Two months later, the Washington Post’s Alan Cooperman turned up the “Chapman Memo,” in which another Pittsburgh priest, Geoff Chapman, outlined a strategy for conservative withdrawal from and eventual replacement of the Episcopal Church. Chapman proposed, among other things, “negotiated property settlements affirming the retention of ownership in the local congregation.” While acknowledging that “recent litigation indicates that the local diocesan authorities hold almost all the cards in property disputes,” he contended that “the political realities are such that American revisionist bishops will be reticent to play ‘hardball’ for a while.”

Here and there, such reticence has been apparent.

In September of 2006, the conservative bishop of Dallas, James Stanton, agreed to sell the property of an ultra-conservative parish in Plano to its members for $1.2 million. Similar arrangements have been made in the diocese of Rio Grande (for $2 million) and a few other places.

But for the most part, Chapman’s assessment has proved to be wishful thinking. For example:

In early 2004, when a congregation on Pawley’s Island voted to leave the Episcopal Church and join the Anglican Church of Rwanda, the conservative bishop of South Carolina, Ed Salmon, filed an ultimately successful suit to stop it. Later that year, after three parishes in the diocese of Los Angeles broke away to join the Church in Uganda, Bishop Jon Bruno went to court to retain their property for the diocese.

In 2006, a New York state appellate court awarded the Diocese of Rochester the property of a parish in Irondequoit. In 2007, diocesan authorities in Colorado, Connecticut, and Georgia went to court to retain the property of departing parishes. Altogether there were, as of December, 55 property disputes in one state or another of resolution around the country.

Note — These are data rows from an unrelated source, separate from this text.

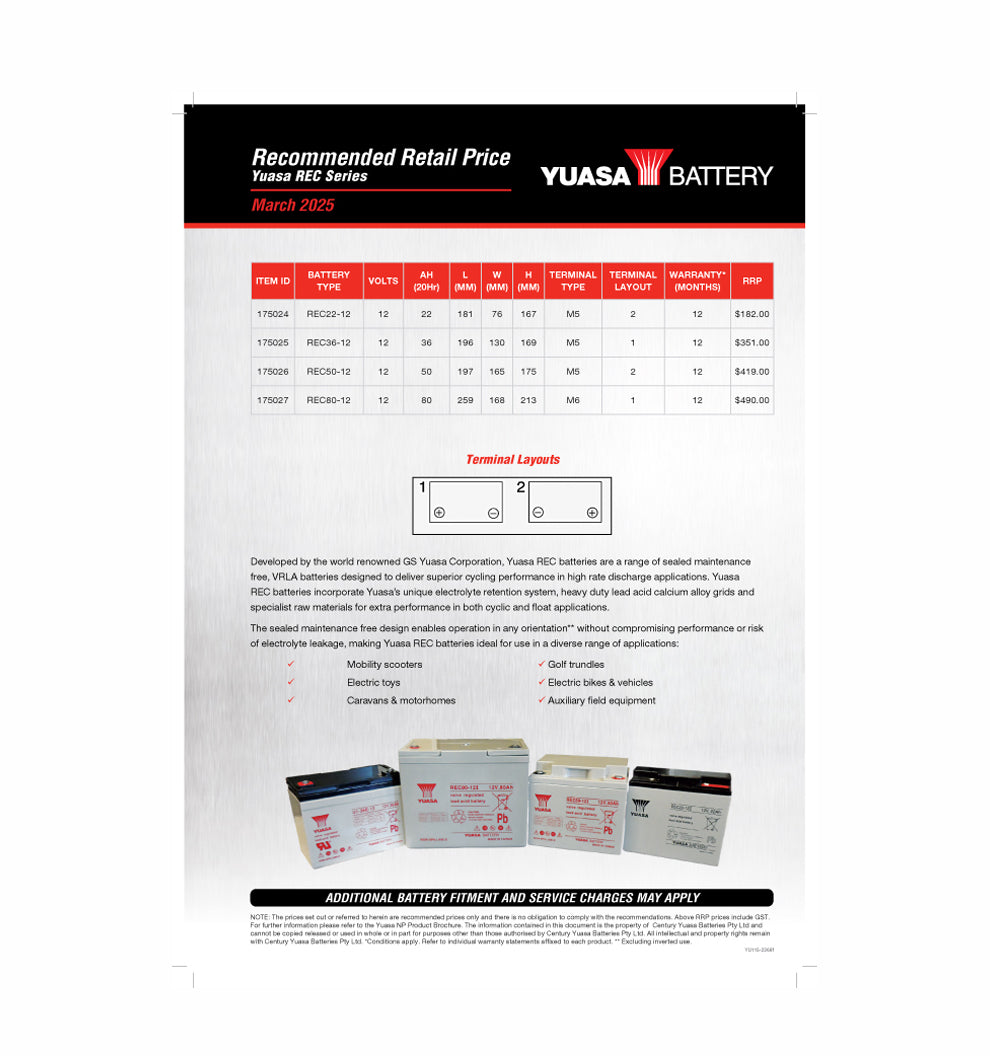 Yuasa REC Series RRP Mar 2025 - Pack of 5 - YU115-2268f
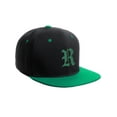 thumbnail image 2 of Daxton Classic Snapback Hat Old English Font Alphabet A to Z Flat Bill Visor Cap, Black Green Hat, Green R, 2 of 4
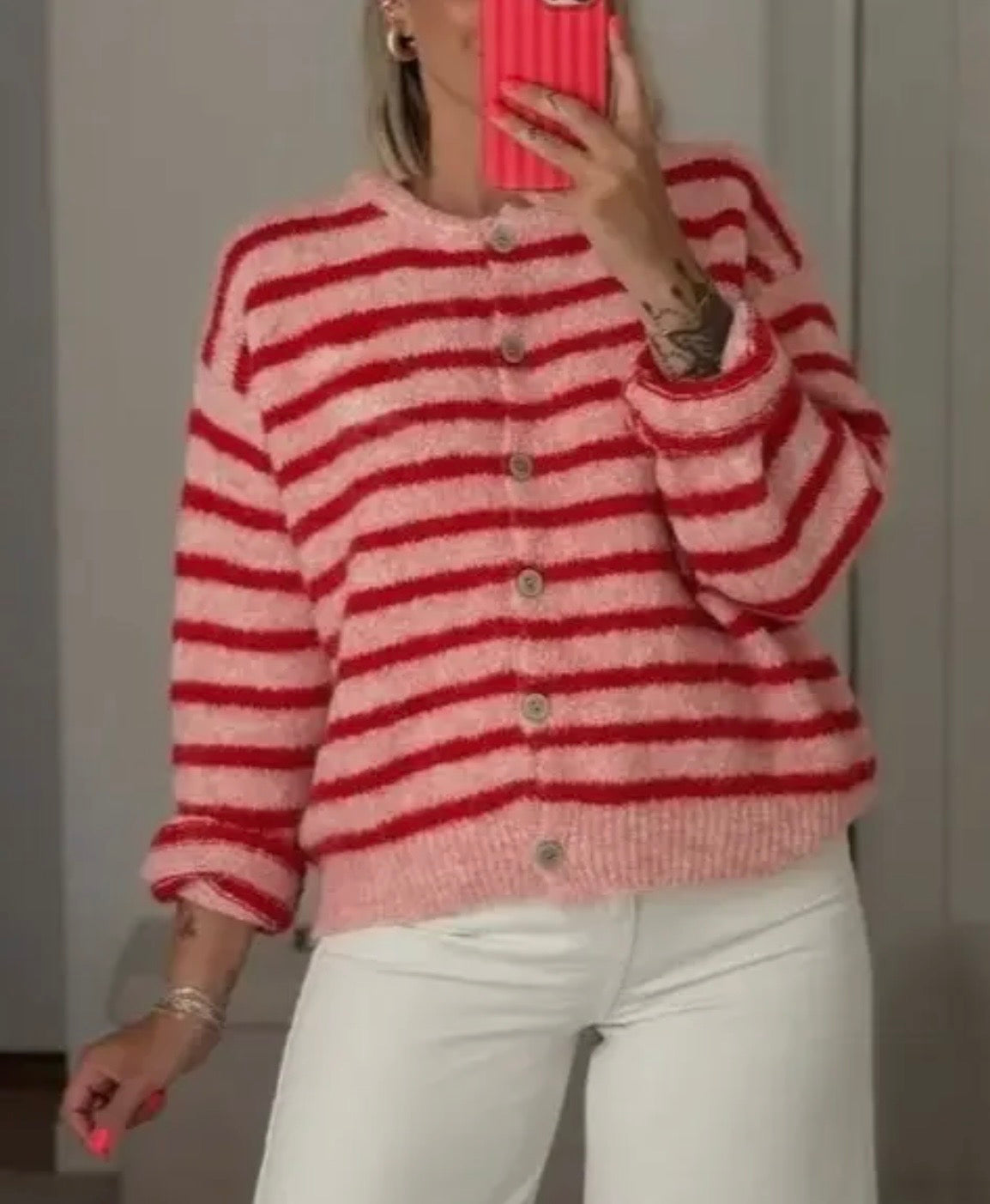 Valentines Stripe Cardigan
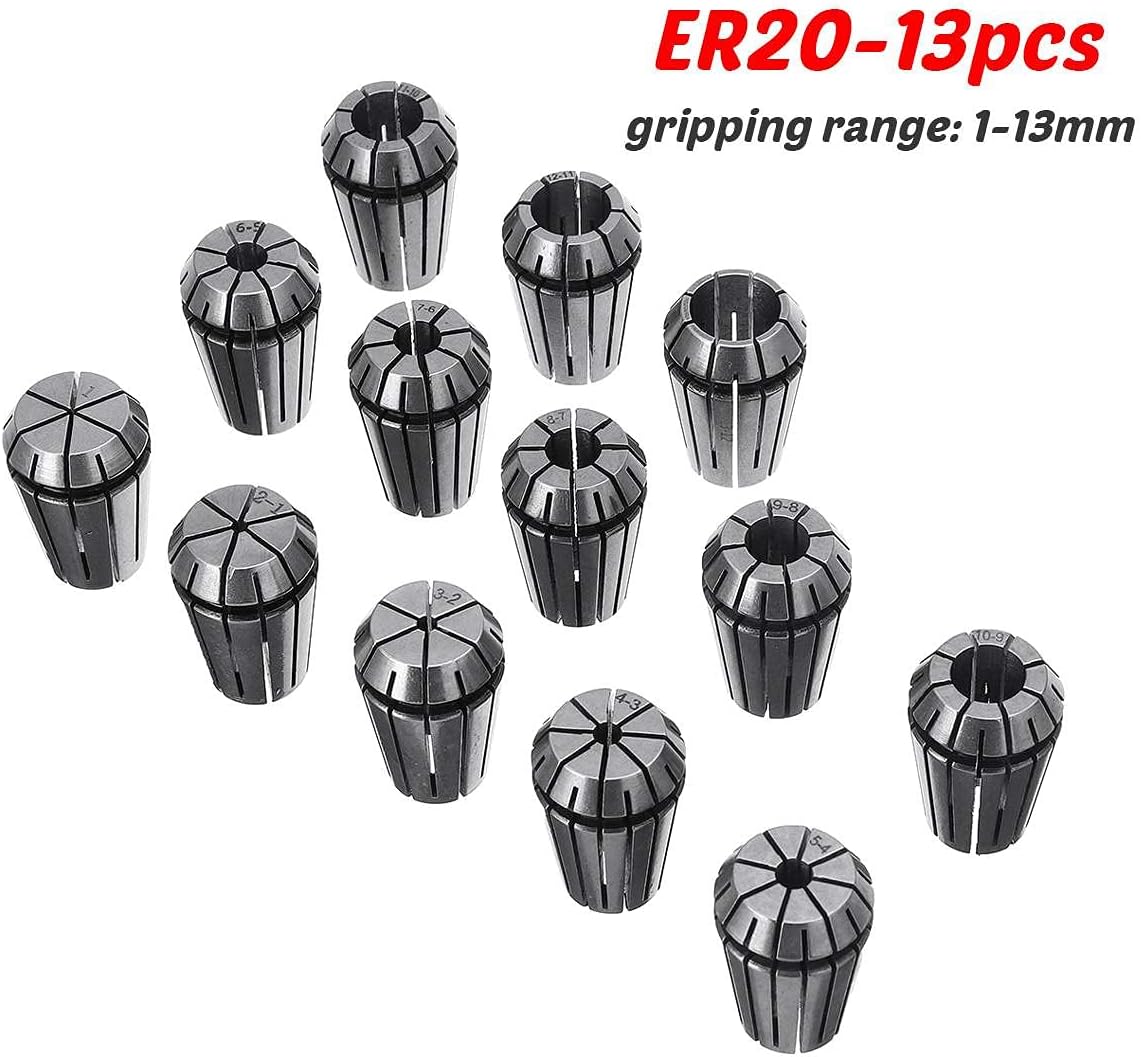 13PCS ER20 Spring Collets Set Workholding Engraving Collets for CNC Engraving Machine Milling Lathe Chuck Tool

Perhaps the most significant dispute over church property now taking place is in the diocese of Virginia, where 15 parishes voted in 2006 to leave the Episcopal Church and affiliate with the Anglican Church of Nigeria. With the backing of the national church, Virginia bishop Peter Lee has taken the departing congregations to court in order to deny their claim to take  parish property with them.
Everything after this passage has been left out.